To continue with the Good Ideas, let's put everything under version control.
git init
git add README.md
git commit -m "Starting a new project."
git add wordcount.py plotcount.py matplotlibrc
git commit -m "Write scripts to test Zipf's law."
git add run_pipeline.sh
git commit -m "Write a master script to run the pipeline."
Notice that we didn't version control any of the products of our analysis. We'll talk more about this at the end of the tutorial.
A master script is a good start, but it has a few shortcomings.

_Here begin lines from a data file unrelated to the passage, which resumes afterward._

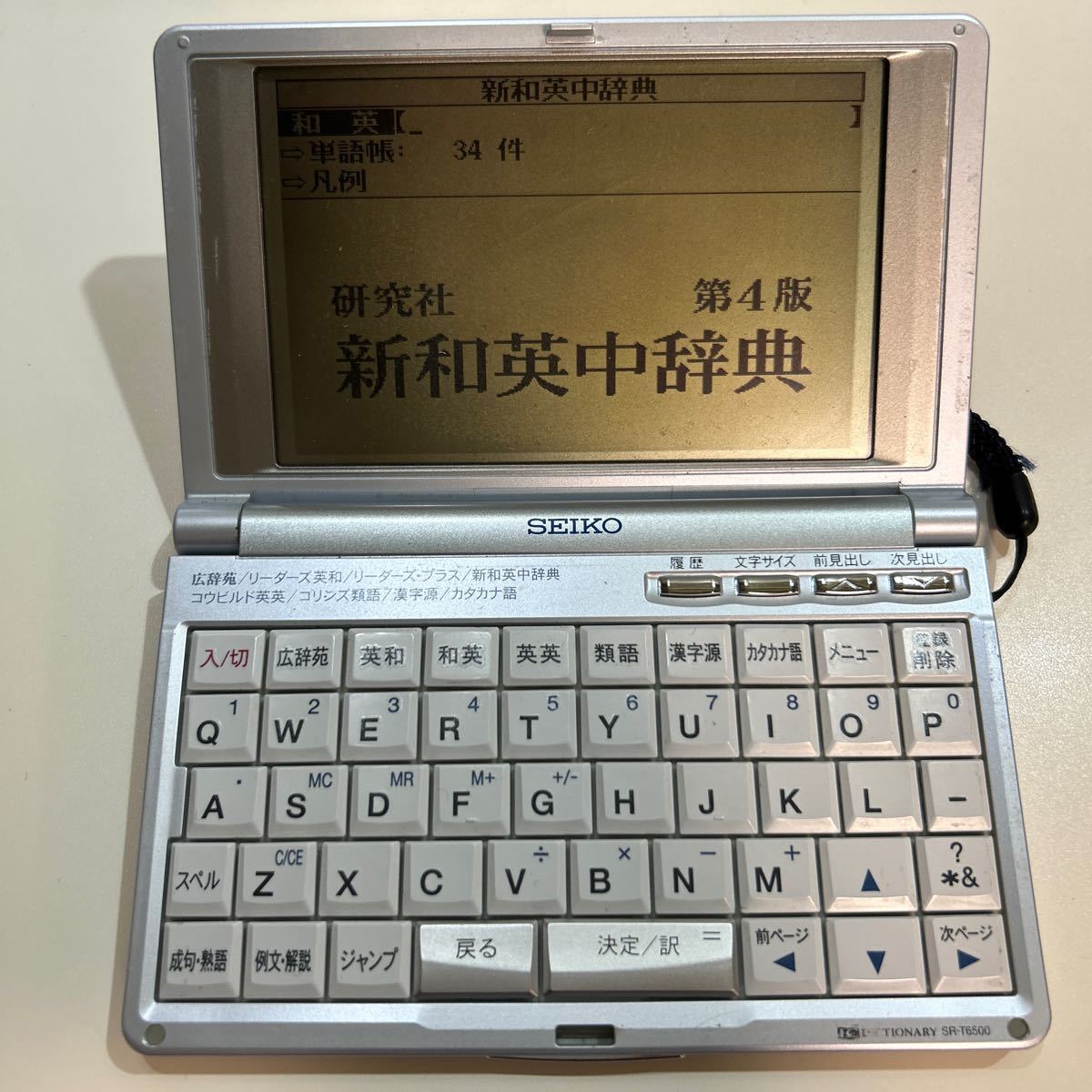 *SEIKO SR-T6500 computerized dictionary 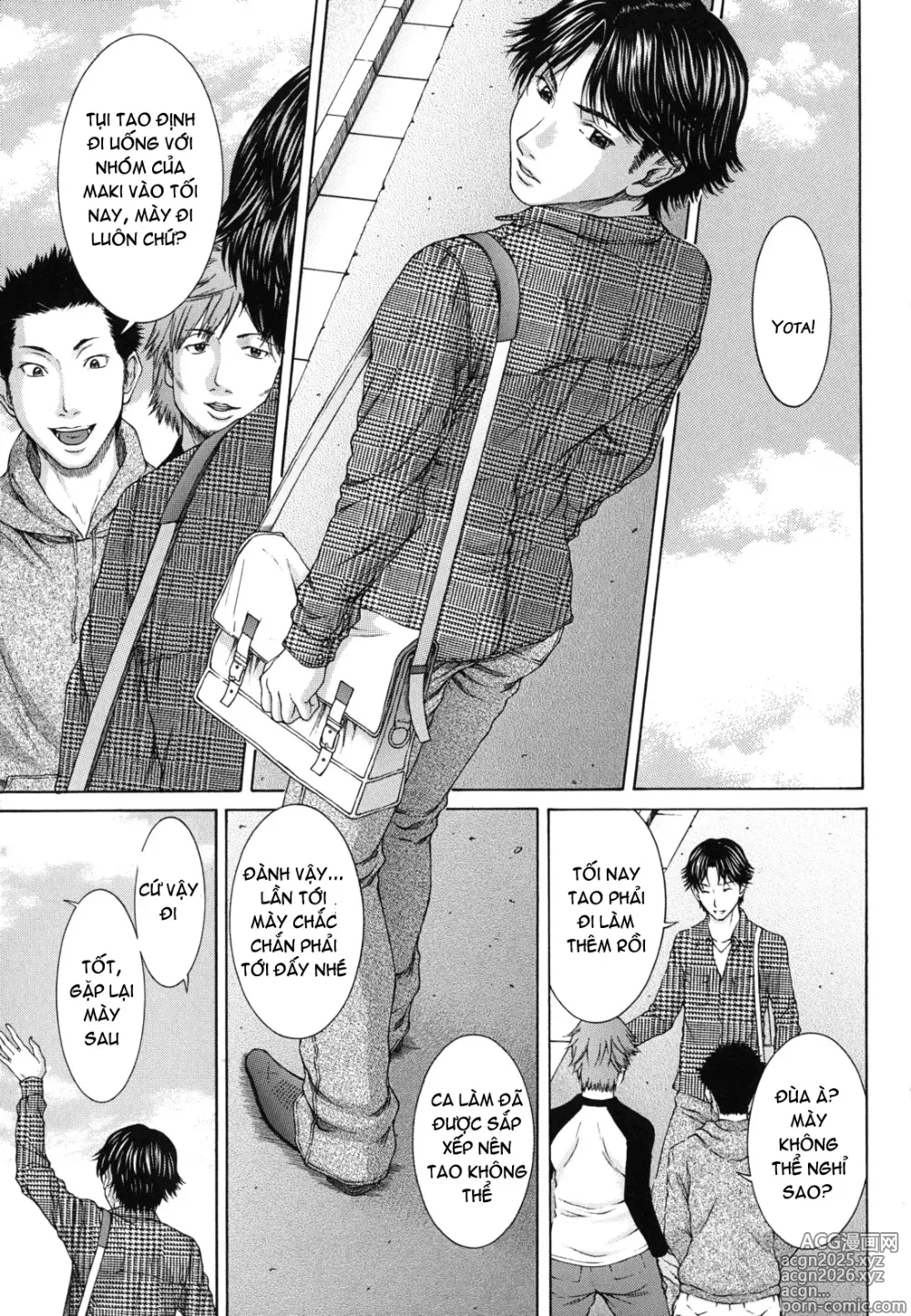 Page 16 of doujinshi Nudity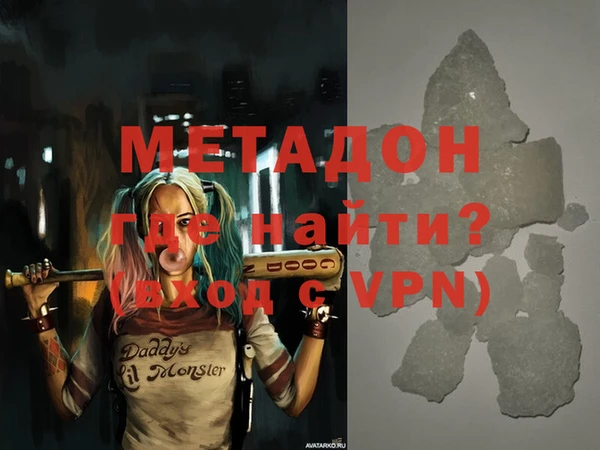 apvp Осинники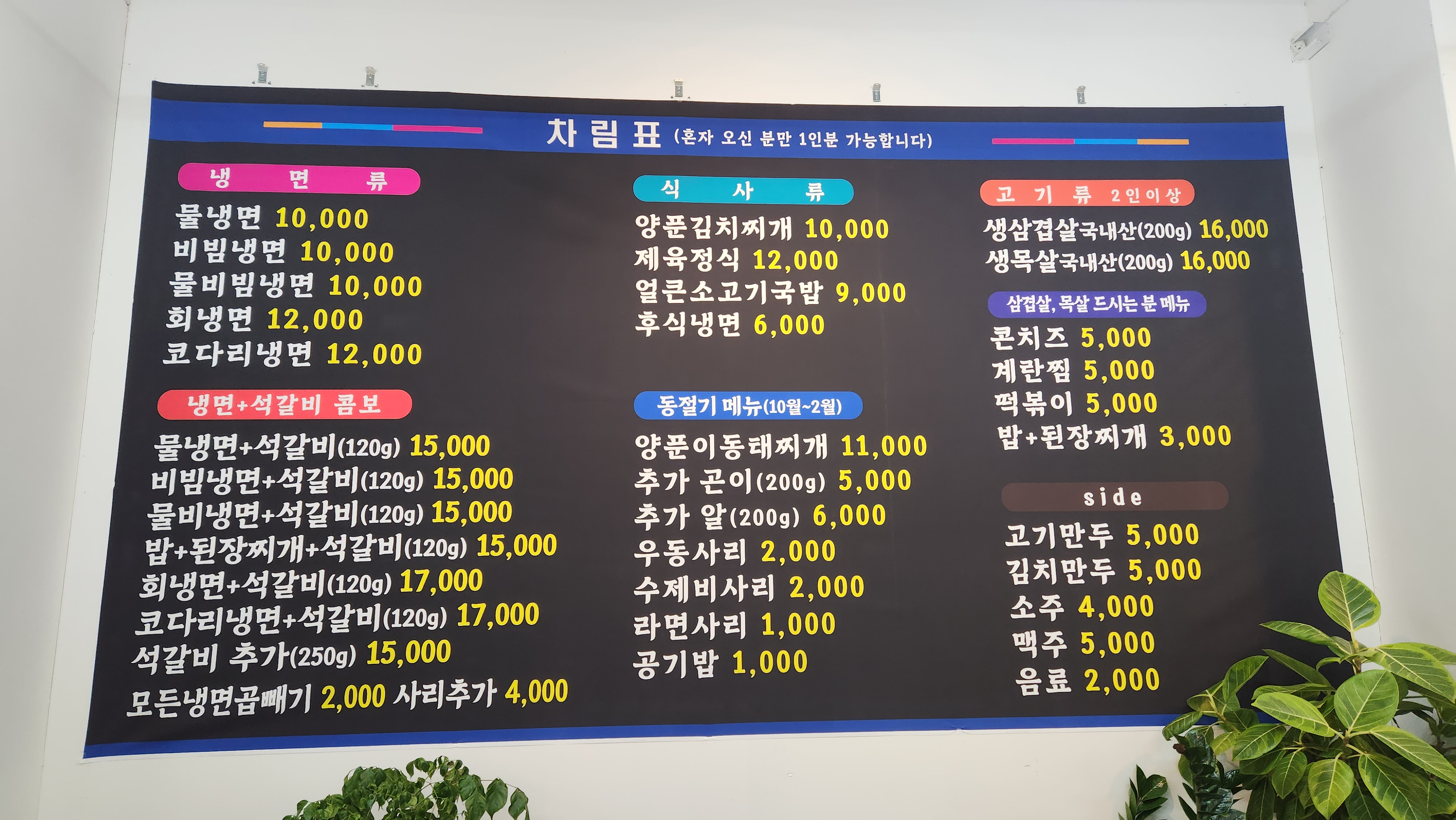 오갈비냉면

Let's imagine that we adjusted the width of the bars in our plot
produced by plotcount.py
.
nano plotcount.py
# In the definition of plot_word_counts replace:
# width = 1.0
# with:
# width = 0.8
git add plotcount.py
git commit -m "Fix the bar width."
Now we want to recreate our figures.
We could just bash run_pipeline.sh
again.
That would work, but it could also be a big pain if counting words takes
more than a few seconds.
The word counting routine hasn't changed; we shouldn't need to recreate
those files.
Alternatively, we could manually rerun the plotting for each word-count file and recreate the tarball.
for file in *.dat; do
./plotcount.py $file ${file/.dat/.png}
done
rm -rf zipf_results
mkdir zipf_results
mv isles.dat abyss.dat isles.png abyss.png zipf_results/
tar -czf zipf_results.tgz zipf_results
rm -r zipf_results
But then we don't get many of the benefits of having a master script in the first place.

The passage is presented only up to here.